Portrait by Patricia Li
born 2003 in Houston, Texas
lives and works in Ithaca, New York
(she/her/hers)
Onajevwe composites images and objects through assemblage and collage, working across photography, found images, wood, metal, textile, and cement. These industrial yet familiar materials hold memory, carrying traces of both personal and collective histories. Her practice unfolds as a journey of ancestral reckoning and presence, one that is guided as much by intuition as it is by material. She makes for a future unknown to her, leaving a prior version of herself in a room as a trace to be discovered.
Working primarily with wood, she draws on its familial and domestic associations, grounding her practice in ideas of home and inheritance. Within this framework, she fixes images in resin, adorning material surfaces to conjure moments of Black being that she deems pivotal.

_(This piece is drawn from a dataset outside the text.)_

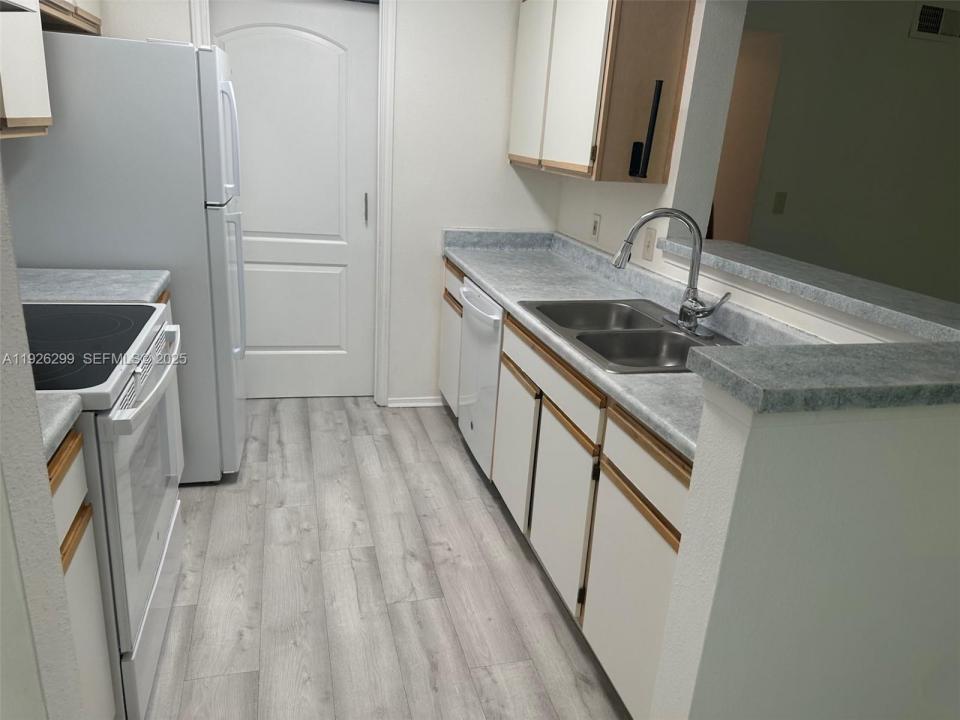 2420 NW 33rd St 1011, Oakland Park, Florida 33309, Amerika Birleşik Devletleri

Her ancestors move through this process with her. They are the pulse between her eyes, the sacred hum when meditating, the glitter as it glides from her hands onto the surface, a silent presence in her periphery. She feels them in her chest like a burning star.
In her sculptural collages, domestic interiors become sites of both tenderness and disorientation. When decontextualised, they hold the tension of the familiar and the unknown. Making, for Onajevwe, is a process of not knowing and of becoming, a movement between constriction and release. A tightness in her throat followed by release. It is euphoric.
This sense of transformation extends into her engagement with religious imagery, which she subverts to reflect on a Westernised post-colonial Nigeria. While her work is often read as political due to her position as a Black artist, it is not born from obligation but from an intrinsic need to make. She has described herself as a spirit child, compelled to create and to redress both her family history and the Western canon of art history, bringing perspectives like her own to the forefront.
Underlying her practice is the recurring presence of the number four. It operates as both structure and symbol, shaping the way her work comes into being. One of four children, Onajevwe understands this number as deeply personal. Within her life and practice, it signifies protection and spiritual growth, a quiet framework through which all things are made.